Member of Legislative Assembly of Andhra Pradesh
- In office 1999–2004
- Preceded by: Jonna Suryanarayana
- Succeeded by: Jonna Ramaiah
- Constituency: Kadiri

Personal details
- Born: 6 August 1961 (age 65) Kadiri, Anantapur district, Andhra Pradesh
- Party: Bharatiya Janata Party
- Spouse: Sree Lakshmi
- Website: Official site

= M. S. Partha Sarathi =

Indian politician

M. S. Partha Sarathi (born 6 August 1961) was MLA representing Kadiri constituency. Presently, He is The Chairman of The Finance Committee of The Bharatiya Janata Party Andhra Pradesh.

== Early life ==
M.S. Partha Sarathi was born in Kadiri in Anantapur district to Laithamma and Satya Narayana Sreshti in 1961. He completed his schooling and intermediate in Kadiri and he did his B.A. Degree in Madanapalli Besant Theosophical College.

==Career==
Sarathi started his career as a supporter of the Rashtriya Swayamsevak Sangh (RSS) Mukhya Sikshak and worked as RSS Prachrak.

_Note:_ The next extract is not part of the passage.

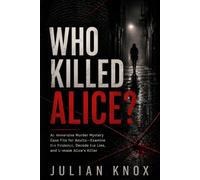Who Killed Alice?: An Immersive Murder Mystery Case File for Adults-Examine the Evidence, Decode the Lies, and Unmask Alice’s Killer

He then moved into politics as a member of the Bharatiya Janata Party (|BJP) and he contested and won the Kadiri constituency as their candidate in the Eleventh Andhra Pradesh state legislative assembly elections.

== Personal life ==
Sarathi is married to Sree Lakshmi. They have two children.

==Achievements==
- He is the first BJP MLA elected from Rayalaseema Region.

== Positions held ==

- Ghata Nayak, RSS [Sayam sakha (Evening Branch), Kadiri] in the year 1970.
- Mukya Sikshak, RSS [Sayam sakha (Evening Branch), Kadiri] in the year 1972.
- Class pupil leader in the year1975.
- Founder Chairman, ABVP Madanapalli branch in the year 1976.
- Convener, Student agitation against congress leader attack on BT college students in the year 1979.
- Pracharakh, RSS (Kavali, Nellore Dist.) in the year 1980 to 1982.
- Convener, Punaragamanam (Back to Hindu religion from converted religions) at Bogha demma kanuma, Gandlapenta Mandal in the year 1983.
- Secretary, BJP (Anantapur Dist.) in the year 1983.
- BJP In-charge of Kadiri Assembly elections held on 1985(Independent candidate), 1989, 1994.
- BJP In-charge of Hindupur Parliament elections held on 1991, 1996, 1998.
- National Council member, BJP in the year 1995.
- MLA, Kadiri in the year 1999.
- Trasurer, BJLP, Andhra Pradesh in the year 1999.
- Member, Women and Child welfare committee in the year 1999.
- Member, Faction zone committee in the year 2001.
- President, BJP, Anantapur Dist. in the year 2005.
- Secretary, BJP, Andhra Pradesh in the year 2010.
- Chairman, State Finance Committee, BJP Andhra Pradesh in the year 2013.